One magnificent palace after another slid by on the banks around us, but she had eyes only for herself.
I began to feel dismayed for her, as I might if I found myself seated on the NYC subway beside some unfortunate person locked so tightly in their own private world that they babbled incoherently to themself.
Then I started to feel embarrassed for her. As if the person beside me on that imaginary NYC subway was maniacally swept so far beyond the main current of acceptable public behavior as to have thrust both hands down the front of their trousers in pursuit of some distinctly private pleasure.
But unlike the analogous people I imagined above, readily dismissed by most people as lunatics, this young woman was, in truth, right in the swim of today's mainstream.
By today's standards, set as they are by social media, she might have been considered a little bit excessive, but not much.
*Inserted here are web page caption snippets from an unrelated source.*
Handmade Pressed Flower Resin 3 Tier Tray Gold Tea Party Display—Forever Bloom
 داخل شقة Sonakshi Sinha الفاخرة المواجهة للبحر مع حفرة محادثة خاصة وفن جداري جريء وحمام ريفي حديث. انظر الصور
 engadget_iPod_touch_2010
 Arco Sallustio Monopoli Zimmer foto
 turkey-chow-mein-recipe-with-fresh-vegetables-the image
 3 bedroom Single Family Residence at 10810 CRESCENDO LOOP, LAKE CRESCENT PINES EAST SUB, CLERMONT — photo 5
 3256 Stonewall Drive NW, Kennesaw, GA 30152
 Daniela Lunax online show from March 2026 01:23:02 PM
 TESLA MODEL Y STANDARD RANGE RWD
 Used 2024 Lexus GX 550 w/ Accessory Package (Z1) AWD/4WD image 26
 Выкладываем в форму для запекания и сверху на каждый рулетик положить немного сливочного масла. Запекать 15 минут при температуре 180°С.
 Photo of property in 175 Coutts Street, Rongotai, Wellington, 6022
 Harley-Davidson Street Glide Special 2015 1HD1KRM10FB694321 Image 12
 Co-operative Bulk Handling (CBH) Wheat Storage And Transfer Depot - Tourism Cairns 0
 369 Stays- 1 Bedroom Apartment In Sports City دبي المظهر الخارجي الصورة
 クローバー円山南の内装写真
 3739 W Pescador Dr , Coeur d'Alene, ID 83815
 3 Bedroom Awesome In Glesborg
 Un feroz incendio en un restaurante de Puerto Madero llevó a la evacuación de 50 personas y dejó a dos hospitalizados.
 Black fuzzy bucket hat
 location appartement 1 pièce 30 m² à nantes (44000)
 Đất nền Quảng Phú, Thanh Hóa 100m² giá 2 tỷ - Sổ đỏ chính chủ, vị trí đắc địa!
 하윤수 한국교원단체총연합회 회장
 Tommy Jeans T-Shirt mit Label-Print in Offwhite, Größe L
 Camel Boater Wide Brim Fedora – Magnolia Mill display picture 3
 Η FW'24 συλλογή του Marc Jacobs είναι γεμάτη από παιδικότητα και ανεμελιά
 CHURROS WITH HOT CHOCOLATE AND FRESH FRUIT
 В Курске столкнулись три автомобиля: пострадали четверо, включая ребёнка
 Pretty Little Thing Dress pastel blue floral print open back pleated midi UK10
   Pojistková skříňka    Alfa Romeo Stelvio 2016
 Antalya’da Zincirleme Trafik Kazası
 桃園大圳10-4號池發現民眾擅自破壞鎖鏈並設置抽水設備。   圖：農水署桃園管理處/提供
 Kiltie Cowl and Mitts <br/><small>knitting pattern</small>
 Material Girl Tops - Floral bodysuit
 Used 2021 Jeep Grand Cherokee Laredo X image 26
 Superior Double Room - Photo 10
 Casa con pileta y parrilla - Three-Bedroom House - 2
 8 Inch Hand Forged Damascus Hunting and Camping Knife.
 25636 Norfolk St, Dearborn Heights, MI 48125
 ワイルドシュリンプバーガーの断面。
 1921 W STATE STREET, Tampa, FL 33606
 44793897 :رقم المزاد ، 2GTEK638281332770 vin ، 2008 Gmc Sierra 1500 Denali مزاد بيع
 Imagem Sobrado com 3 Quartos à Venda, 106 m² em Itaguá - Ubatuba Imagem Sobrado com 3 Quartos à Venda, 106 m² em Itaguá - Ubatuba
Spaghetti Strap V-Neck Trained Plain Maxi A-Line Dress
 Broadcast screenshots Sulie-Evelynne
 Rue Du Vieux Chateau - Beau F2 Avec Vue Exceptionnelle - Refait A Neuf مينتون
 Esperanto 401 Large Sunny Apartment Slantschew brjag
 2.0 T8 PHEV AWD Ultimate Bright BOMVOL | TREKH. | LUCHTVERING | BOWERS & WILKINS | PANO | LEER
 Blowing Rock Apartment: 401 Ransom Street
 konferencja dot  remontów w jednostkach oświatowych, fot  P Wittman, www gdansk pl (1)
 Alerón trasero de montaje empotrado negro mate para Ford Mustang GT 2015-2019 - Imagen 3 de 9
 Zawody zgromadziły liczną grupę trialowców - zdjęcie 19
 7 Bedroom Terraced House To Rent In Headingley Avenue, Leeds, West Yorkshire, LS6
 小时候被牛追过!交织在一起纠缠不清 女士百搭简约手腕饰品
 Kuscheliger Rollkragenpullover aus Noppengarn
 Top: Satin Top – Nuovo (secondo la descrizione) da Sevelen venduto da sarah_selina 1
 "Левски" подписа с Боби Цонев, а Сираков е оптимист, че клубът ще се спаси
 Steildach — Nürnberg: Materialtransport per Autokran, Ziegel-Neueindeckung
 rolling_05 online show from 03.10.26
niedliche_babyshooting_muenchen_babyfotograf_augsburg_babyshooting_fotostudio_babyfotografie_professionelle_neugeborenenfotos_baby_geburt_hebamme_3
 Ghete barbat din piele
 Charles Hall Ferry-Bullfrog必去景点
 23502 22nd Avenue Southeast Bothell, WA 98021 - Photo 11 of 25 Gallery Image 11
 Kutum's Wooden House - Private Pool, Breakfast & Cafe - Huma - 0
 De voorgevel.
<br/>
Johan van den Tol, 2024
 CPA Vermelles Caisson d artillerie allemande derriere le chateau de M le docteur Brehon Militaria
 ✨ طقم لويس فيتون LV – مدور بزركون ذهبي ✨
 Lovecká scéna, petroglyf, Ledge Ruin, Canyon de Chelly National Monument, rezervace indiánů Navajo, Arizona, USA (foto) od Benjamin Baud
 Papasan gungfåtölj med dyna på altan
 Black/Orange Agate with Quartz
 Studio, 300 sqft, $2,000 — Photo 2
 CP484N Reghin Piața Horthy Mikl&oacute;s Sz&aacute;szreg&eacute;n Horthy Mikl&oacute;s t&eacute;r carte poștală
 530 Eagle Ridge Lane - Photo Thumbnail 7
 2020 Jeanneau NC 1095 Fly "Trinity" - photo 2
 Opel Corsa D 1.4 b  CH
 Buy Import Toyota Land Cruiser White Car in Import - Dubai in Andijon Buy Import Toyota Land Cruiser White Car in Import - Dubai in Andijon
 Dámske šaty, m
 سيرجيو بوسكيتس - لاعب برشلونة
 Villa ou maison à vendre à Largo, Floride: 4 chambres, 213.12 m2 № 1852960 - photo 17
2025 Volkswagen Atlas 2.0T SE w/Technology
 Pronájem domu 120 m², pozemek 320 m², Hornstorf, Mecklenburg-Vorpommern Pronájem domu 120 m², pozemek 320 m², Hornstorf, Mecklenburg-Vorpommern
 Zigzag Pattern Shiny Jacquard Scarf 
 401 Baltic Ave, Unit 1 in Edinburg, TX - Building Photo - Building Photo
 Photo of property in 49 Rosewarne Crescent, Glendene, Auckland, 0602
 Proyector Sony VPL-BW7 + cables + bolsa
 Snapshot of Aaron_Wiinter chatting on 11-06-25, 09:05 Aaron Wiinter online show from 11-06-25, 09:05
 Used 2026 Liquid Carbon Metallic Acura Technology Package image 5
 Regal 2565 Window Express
On the contrary, she's merely an aspiring "influencer," as other ambitious youths with narcissistic inclinations in the backward days of yore (say, a decade ago) might quaintly have aspired to become models or actors or singers or, gasp, even writers.
No pitiful minor Narcissa was she, I realized, but a goddess of the age, far far removed from actual, material, three-dimensional, sentient life. As I suppose all goddesses and gods must by definition be--and as so much of our contemporary life is, and compels us to be.
If the whole world can be turned into mere simulcra, digital images, stage-sets, properties (in all senses of the word), then there are probably even some last dollars and power to be squeezed out of the performance of the world's destruction--for an audience too intoxicated by the spectacle to realize that its end is also theirs.
Down this rabbit hole of despair I found myself sliding... We hadn't yet reached the line's last stop at the Rialto, but I'd seen enough. I got up and left her there on the fantail, still (always) in the throes of capturing herself, a snake with her own tail in her mouth, an unbroken loop of self-regard, and walked through the cabin to the vaporetto's foredeck, open to the chill winter wind--happy to feel it in my face, the movement of the boat beneath my feet. The world is real.